Update example and notes

2026-01-09 02:14:20 +08:00
parent 200bdf6136
commit c0639386be
18 changed files with 31656 additions and 0 deletions
--- a/example/model_design.md
+++ b/example/model_design.md
@@ -0,0 +1,45 @@
+# Hybrid Diffusion Design (HAI 21.03)
+
+## 1) Data representation
+- Input sequence length: T (e.g., 64 or 128 time steps).
+- Continuous features: 53 columns (sensor/process values).
+- Discrete features: 30 columns (binary or low-cardinality states + attack labels).
+- Time column: `time` is excluded from modeling; use index-based position/time embeddings.
+
+## 2) Forward processes
+### Continuous (Gaussian DDPM)
+- Use cosine beta schedule with `timesteps=1000`.
+- Forward: `x_t = sqrt(a_bar_t) * x_0 + sqrt(1-a_bar_t) * eps`.
+
+### Discrete (mask diffusion)
+- Use `[MASK]` replacement with probability `p(t)`.
+- Simple schedule: `p(t) = t / T`.
+- Model predicts original token at masked positions only.
+
+## 3) Shared backbone + heads
+- Inputs: concatenated continuous projection + discrete embeddings + time embedding.

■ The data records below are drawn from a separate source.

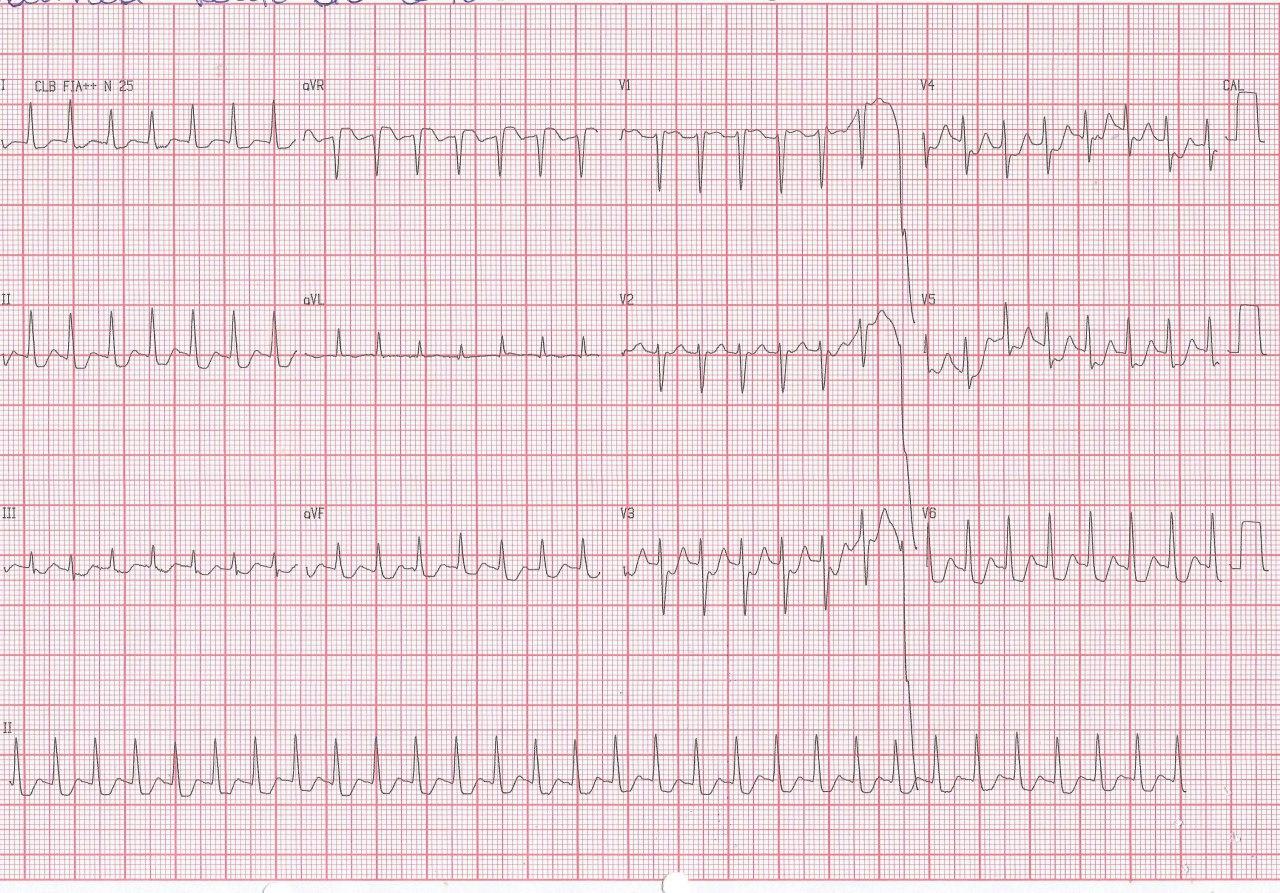 Mujer de 71 años con antecedentes de enfermedad coronaria e implantes de stents con angor y palpitaciones por presencia de TRIN, con típica «pseudo r» en V1 y «pseudo s» en derivaciones de los miembros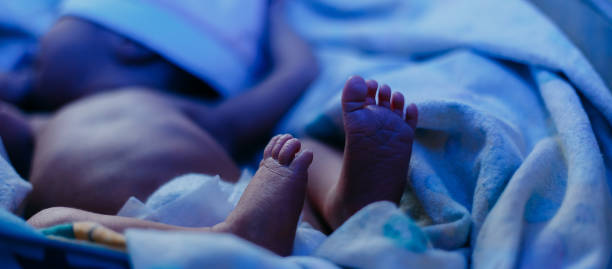 bébé nouveau-né couché sous la lampe bleue en raison de la bilirubine, photothérapie, il a ictère - yellowing photos et images de collection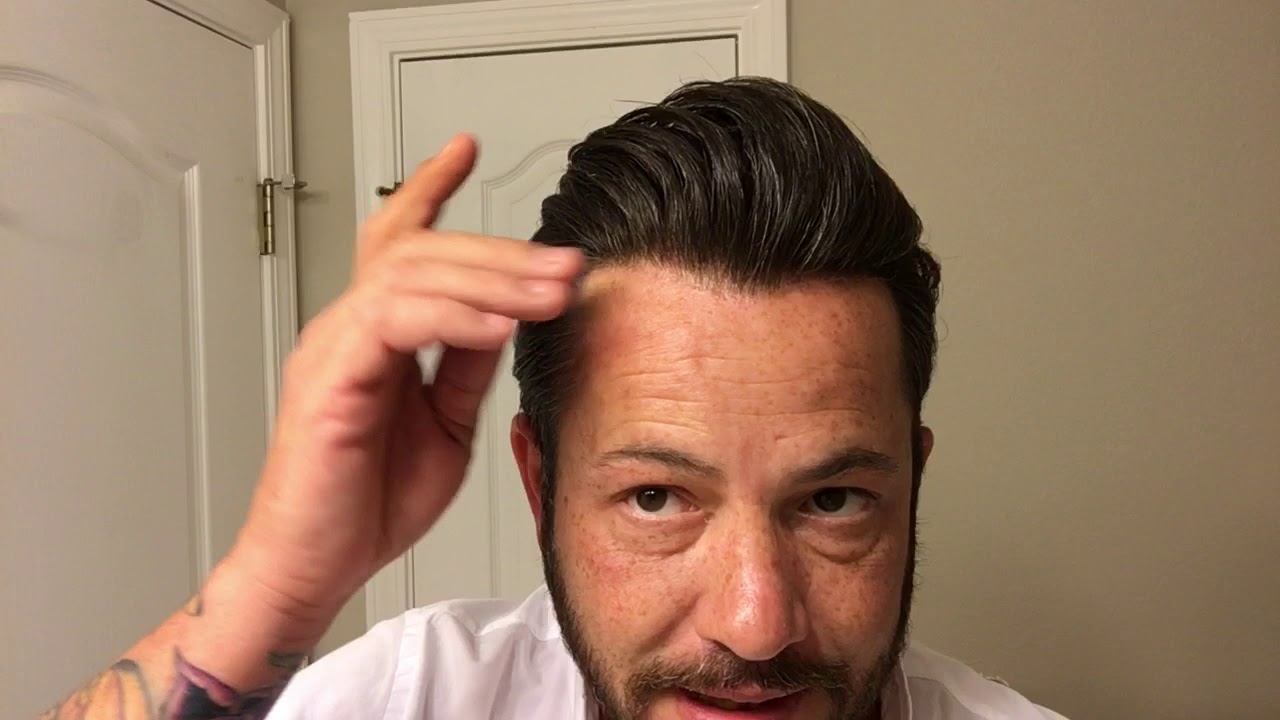 When is your Hairline Ready to be Redone? Also some ranting.  Hair Systme and Hair Replacement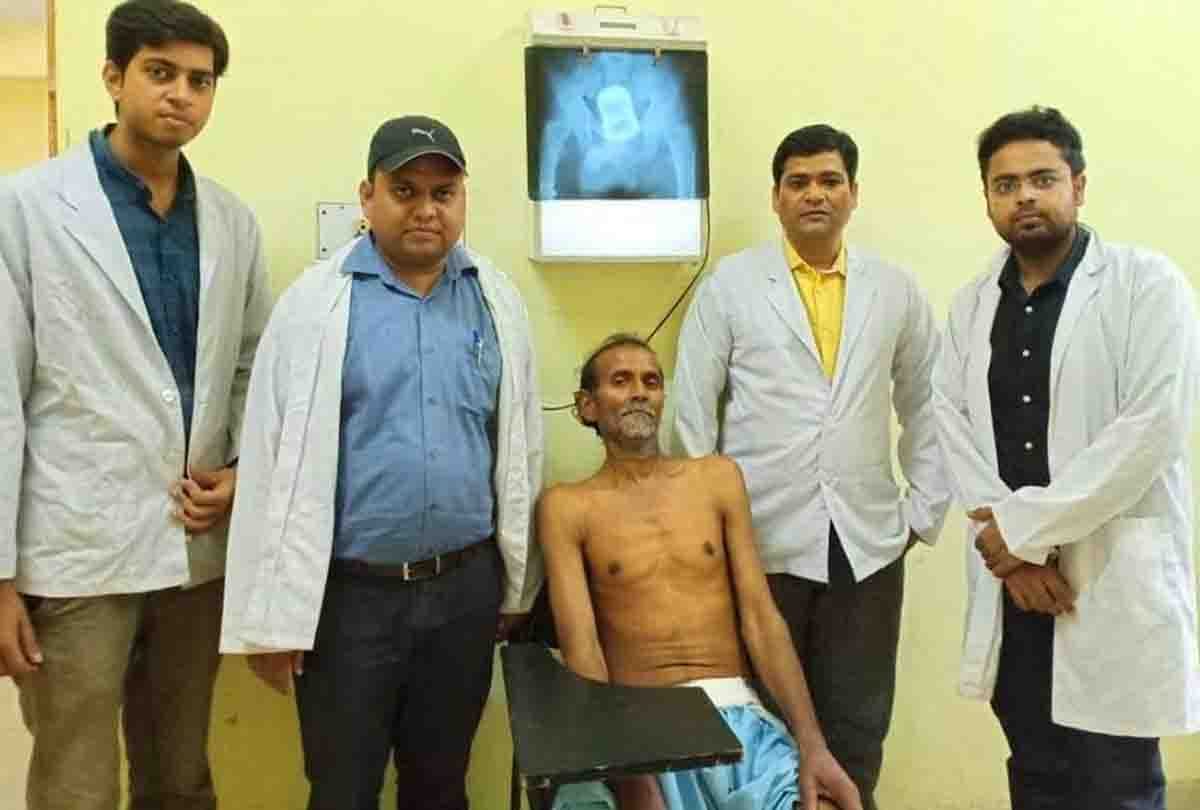 Steel glass out from patient's stomach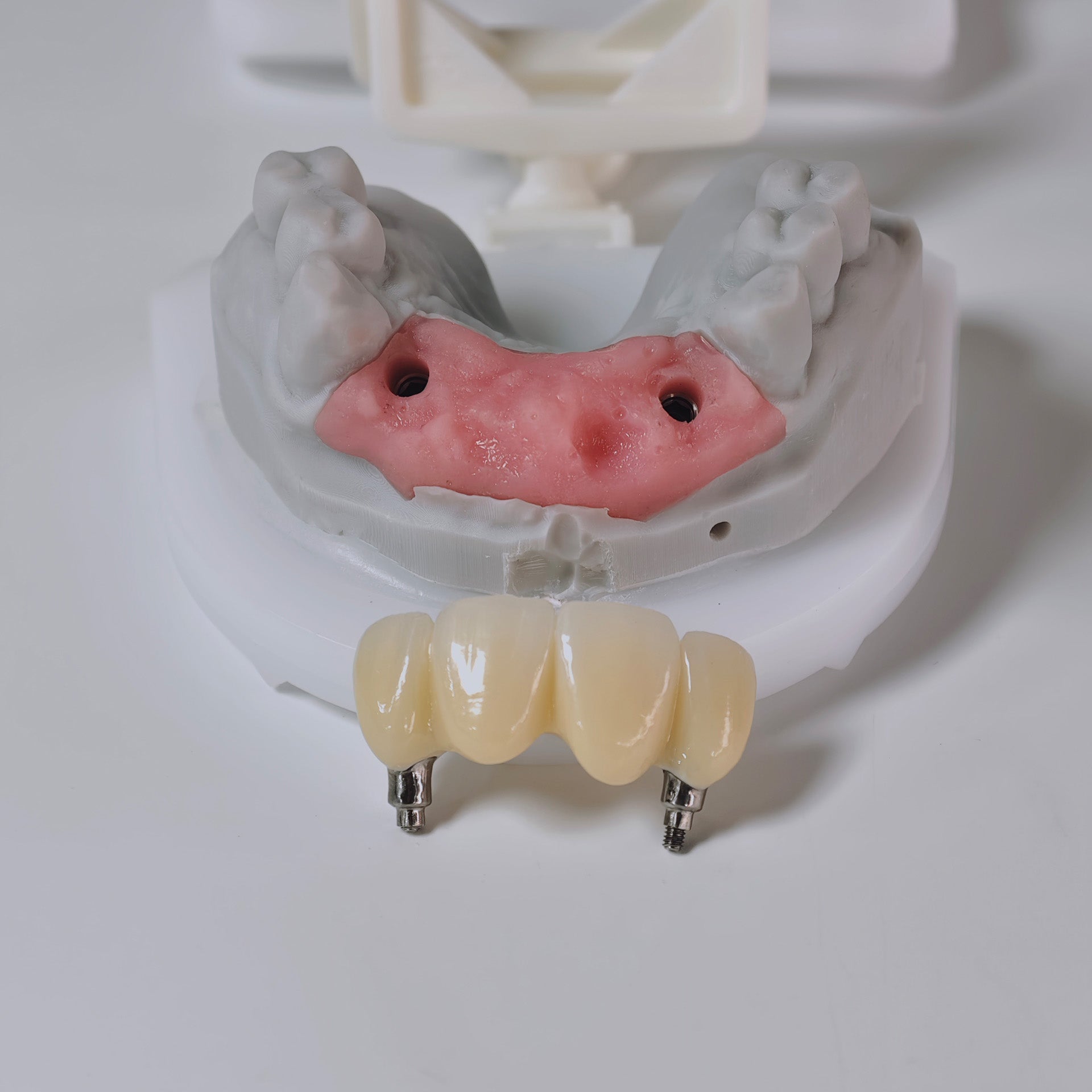 Zirconia Bridge With Screw Retained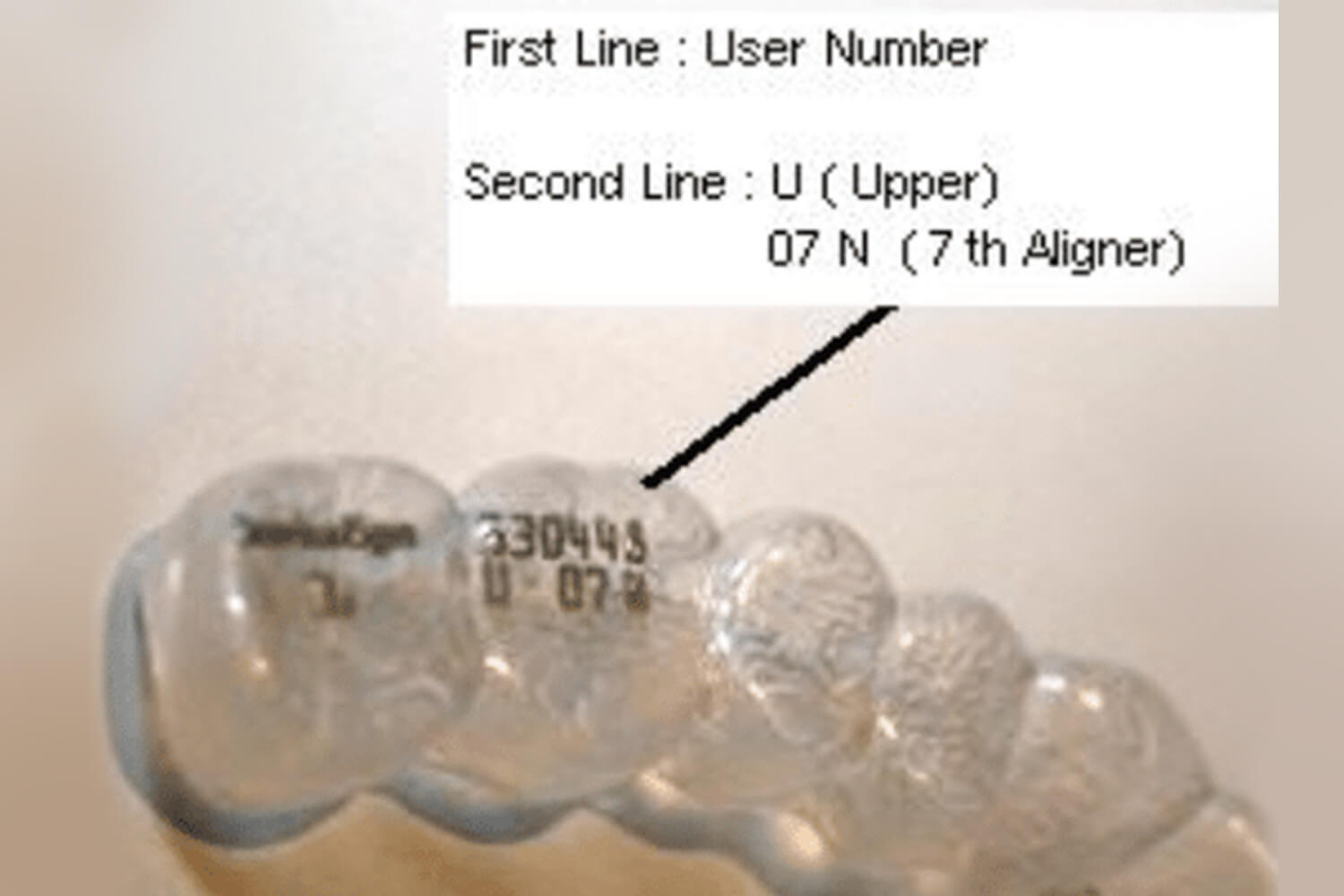 Close-up of orthodontic bracket with labeled diagram showing user number and upper arch designation markings.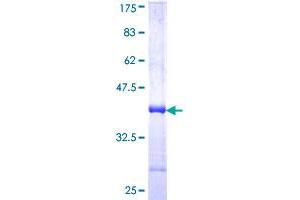 LAMP2 Protein (AA 30-127) (GST tag)
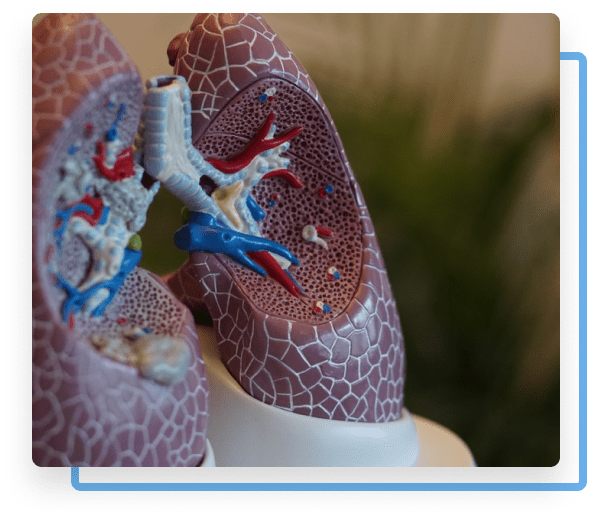 Airphysio about lungs
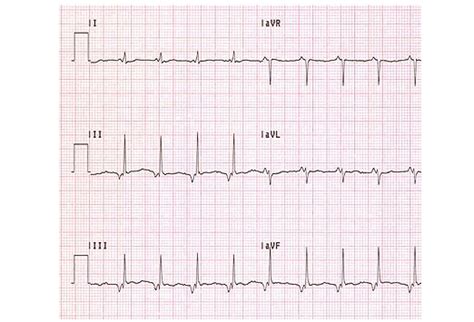 Recognizing Signs of Hypokalemia on ECG: Slideshow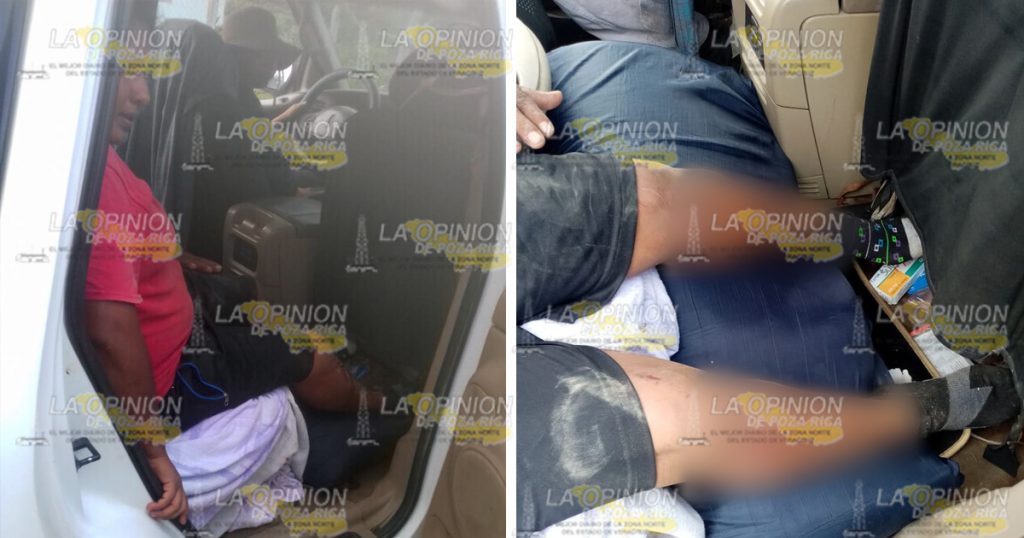 Tractor le prensa las dos piernas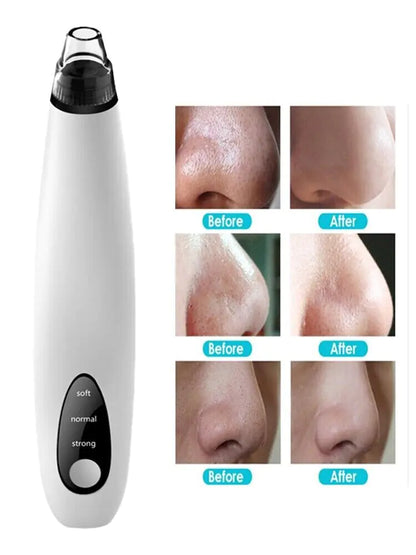Diamond Pore Cleansing Vacuum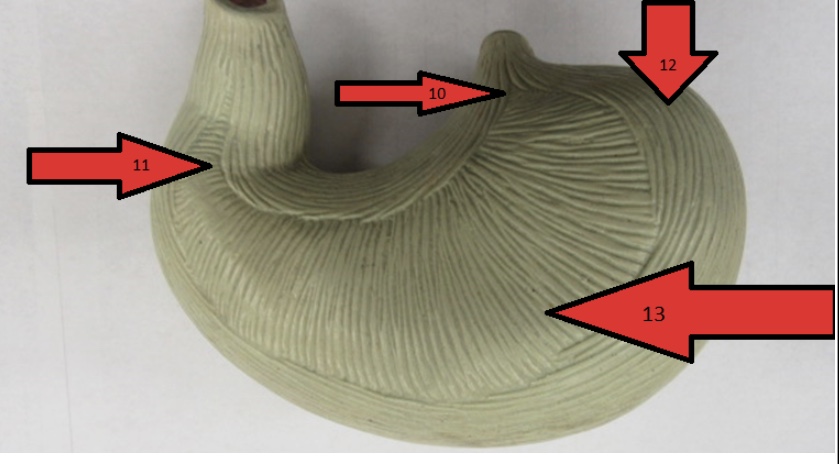<p>What organ is this?</p>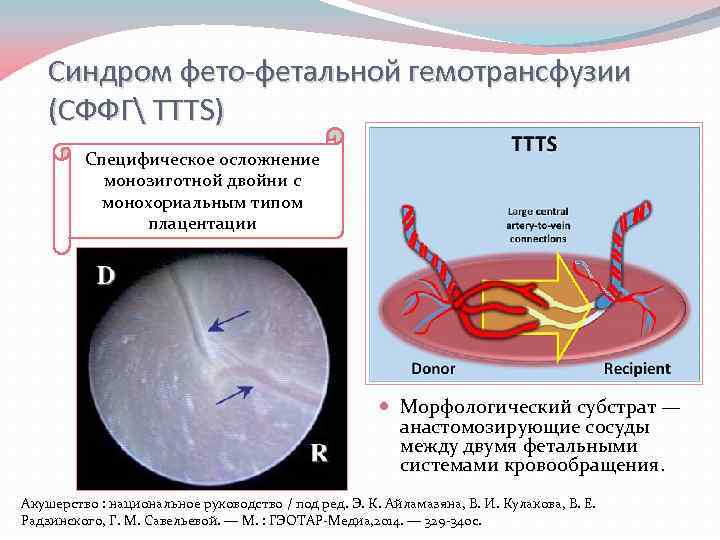 Синдром фето-фетальной гемотрансфузии (СФФГ TTTS) Специфическое осложнение монозиготной двойни с монохориальным типом плацентации Морфологический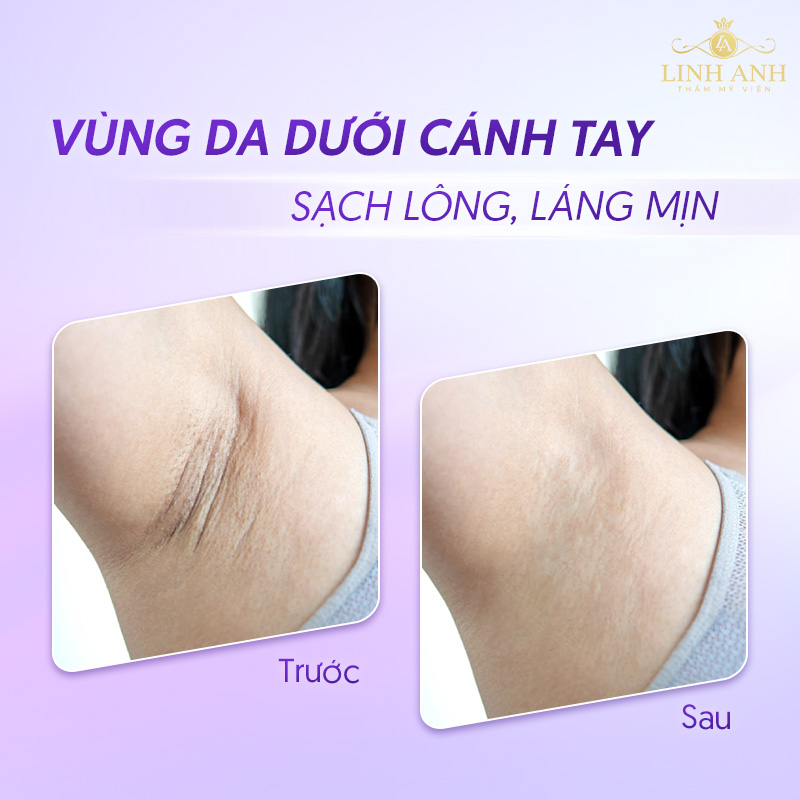 Review triệt lông nách ở tuổi dậy thì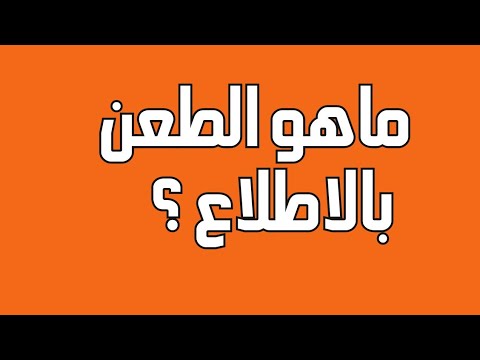 طعن الضرائب بالاطلاع على الملف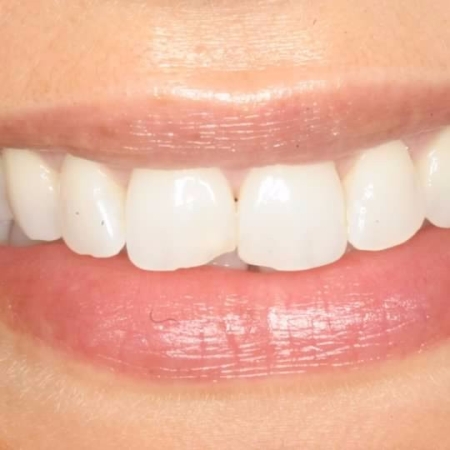 Campus Dental Plan Top Rated Ucla Westwood Dentist Best Reviewed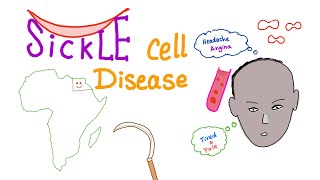 Sickle Cell Disease “Part 1” Intro [upl. by Ellened]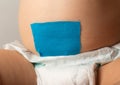 The navel is sealed with a blue plaster on the stomach of a child. Treatment of umbilical hernia in newborns, close-up Royalty Free Stock Photo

+- Backbone: GRU or temporal transformer.
+- Heads:
+  - Continuous head predicts noise `eps`.
+  - Discrete heads predict logits per discrete feature.
+
+## 4) Loss
+- Continuous: `L_cont = MSE(eps_pred, eps)`.
+- Discrete: `L_disc = CE(logits, target)` on masked positions only.
+- Combined: `L = lambda * L_cont + (1 - lambda) * L_disc`.
+
+## 5) Training loop (high level)
+1. Load a batch of sequences.
+2. Sample timesteps `t`.
+3. Apply `q_sample_continuous` and `q_sample_discrete`.
+4. Forward model, compute losses.
+5. Backprop + optimizer step.
+
+## 6) Sampling (high level)
+- Continuous: standard reverse diffusion from pure noise.
+- Discrete: start from all `[MASK]` and iteratively refine tokens.
+
+## 7) Files in this example
+- `feature_split.json`: column split for HAI 21.03.
+- `hybrid_diffusion.py`: model + diffusion utilities.
+- `train_stub.py`: end-to-end scaffold for loss computation.